“It is you who are putzes. Little pishas with your dreams of hatred and killing…”

-Ancient Jew (The Believer)

My co-host on the Midnight Film Review podcast, Colin Smith, introduced me to Jeremy Saulnier’s first film Murder Party a few years ago. Then, two years ago, Saulnier’s second film Blue Ruin landed on my top ten list. Jeremy Saulnier is an auteur in every sense of the word. His latest film Green Room is somewhat of a combination of the ideas produced by his first two films and is a resounding success.

Pat (Anton Yelchin), Sam (Alia Shawkat), Reece (Joe Cole), and Tiger (Callum Turner) are members of a punk band “The Ain’t Rights” traveling through the Pacific Northwest. In Seaside, they meet Tad, a local radio host who sets them up with a gig outside Portland. The gig is a much needed opportunity for the band to make money, but it’s for a large group of skinheads. Things do not go as planned, and the band members are forced to fight for their lives. Saulnier has a way of making his films feel lived in. While most filmmakers struggle to make movies feel realistic or at the very least plausible, Saulnier has this ability in spades. Green Room is not only realistic, it feels almost voyeuristic.

The tension in Green Room is on a completely different level than anything I’ve experienced in years. The feel of this film is extremely visceral and will leave you gripping the armrest. Saulnier is a crafty director who uses violence sparingly, but effectively. The violence on-screen can be at times brutal and unsettling. The violence that takes place off-screen seems even more off-putting. The sounds of thumping fists and skin-piercing knives is horrific. Jeremy Saulnier’s camera work inside versus outside is unique and succinct.
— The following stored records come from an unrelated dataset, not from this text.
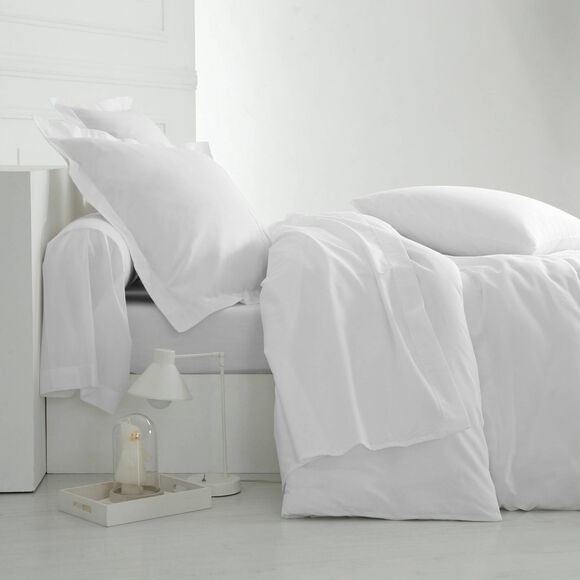Linge de lit uni polyester-coton Colombine (blanc)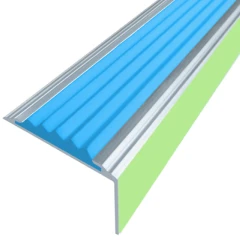 Противоскользящий алюминиевый угол-порог АУ38 ФЭС 38х5,5х22мм (резин.вст.), 2м, голубой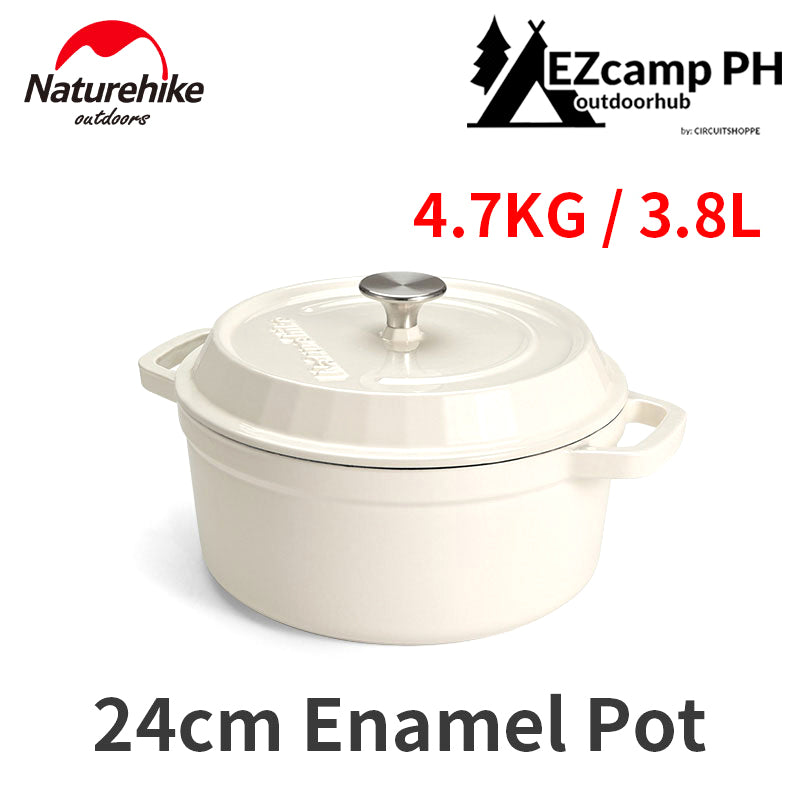 Naturehike Outdoor Picnic Enamel Pot 3.8L High Capacity Home Kitchenware Travel Camping Cast Iron Pot With Anti Scald Clip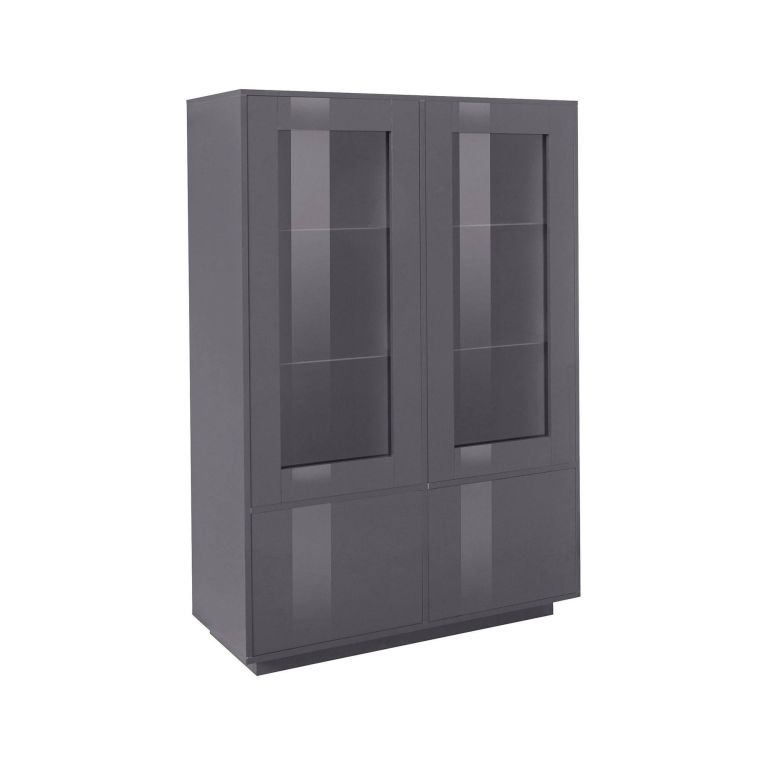 Mobile con vetrina 4 ante 100x41x146h cm antracite lucido - Agostino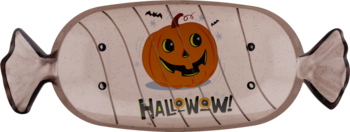 Light beige Halloween candy tray shaped like wrapped candy, with a smiling orange pumpkin and "HALLOWOW!" text.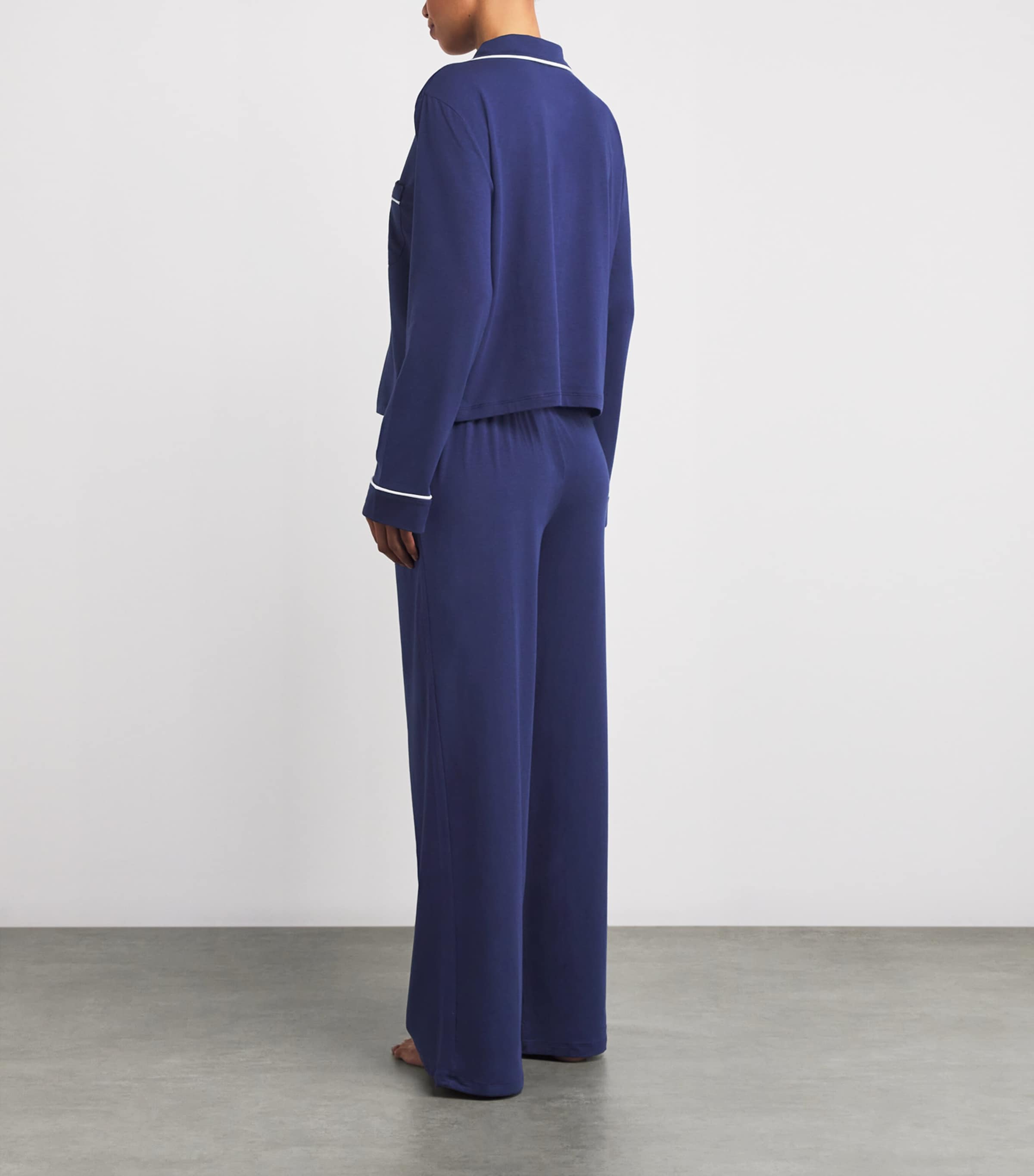 Cotton-Blend Jersey Pyjama Set NAVY Image 3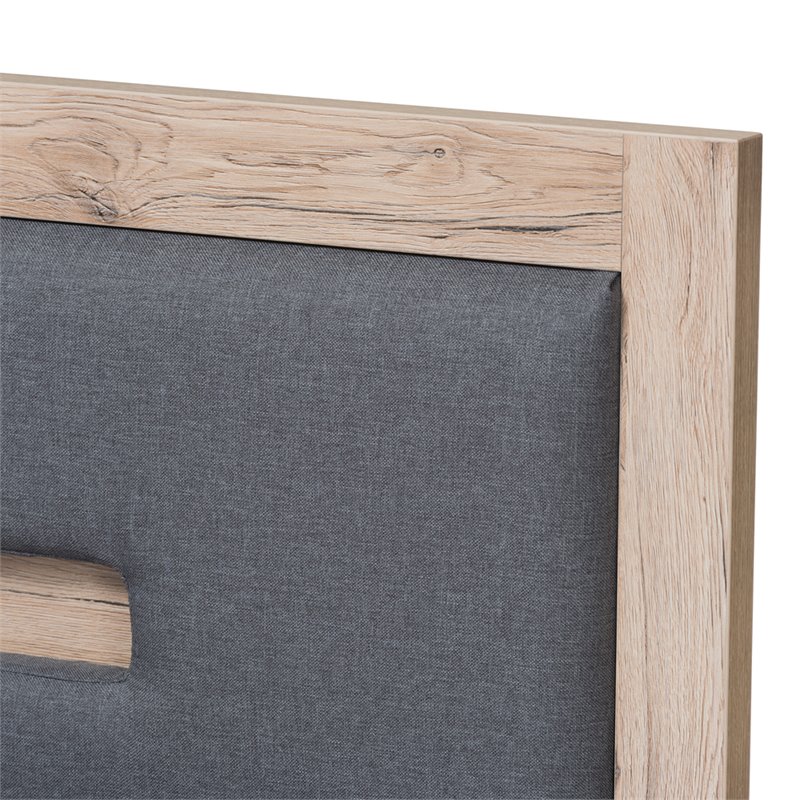 Baxton Studio Pandora Twin Storage Platform Bed in Gray and Oak Brown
The acting is equally great. Imogen Poots plays Amber, a concert attendee who gets sucked into this wild ride. Poots isn’t necessarily the lead, but she is the star. Her performance is nuanced and even. I’ve never thought of her as an actor with a lot of range, but she does a terrific job. Macon Blair isn’t a household name (yet), but he is special. He played the lead in Blue Ruin and blew me away. Saulnier has stated that he wants to be known as the director who found Macon Blair. The two are a match made in cinema heaven. Blair reminds me of a young Philip Seymour Hoffman. The ease with which he delivers Saulnier’s dialogue is a thing of beauty. Apart from Blair and Poots, the cast does an admirable job. Anton Yelchin is essentially the lead and has the majority of the dialogue, but he doesn’t give a transcendent performance. The biggest name attached to this project is Patrick Stewart. Stewart stars as Darcy, the owner of the venue that The Ain’t Rights is playing when all hell breaks loose. Darcy is also the leader of the group of neo-nazis that oppose the band. Stewart’s performance is surprisingly subdued. This is something that makes the atmosphere so natural. He never waivers and always has a plan. He is smart and acts with purpose.

Green Room isn’t perfect, but it’s pretty close. The only problem I have with the film is that it doesn’t seem to say anything larger. Blue Ruin had strong themes about family and loss, but Green Room doesn’t seem to have any strong themes. The value of the film rests solely in the experience, which is unforgettable. Jeremy Saulnier is a clever writer and director. His dialogue is specific to him and unbelievably natural. Much like Tarantino, if you hear a line of Saulnier’s dialogue, you know its his. Saulnier has found a muse in Macon Blair, and I hope to see the two make many more films together. Imogen Poots is now fully on my radar, and I’m excited to see what choices she makes going forward. She has the potential to be a superstar as well as an award winner. Green Room is at its heart a horror film, and a very good one at that. When it’s all said and done, Nazi Punks are still the worst.